• DATA:
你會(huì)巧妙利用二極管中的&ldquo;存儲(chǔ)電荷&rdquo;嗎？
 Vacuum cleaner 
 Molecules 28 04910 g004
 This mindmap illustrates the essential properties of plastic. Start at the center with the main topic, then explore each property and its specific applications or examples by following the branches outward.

• BRIEF: The task requires an exact transcription of all the data.

• RESULT OF THE EXERCISE:
你會(huì)巧妙利用二極管中的&ldquo;存儲(chǔ)電荷&rdquo;嗎？
 Vacuum cleaner 
 Molecules 28 04910 g004
 This mindmap illustrates the essential properties of plastic. Start at the center with the main topic, then explore each property and its specific applications or examples by following the branches outward.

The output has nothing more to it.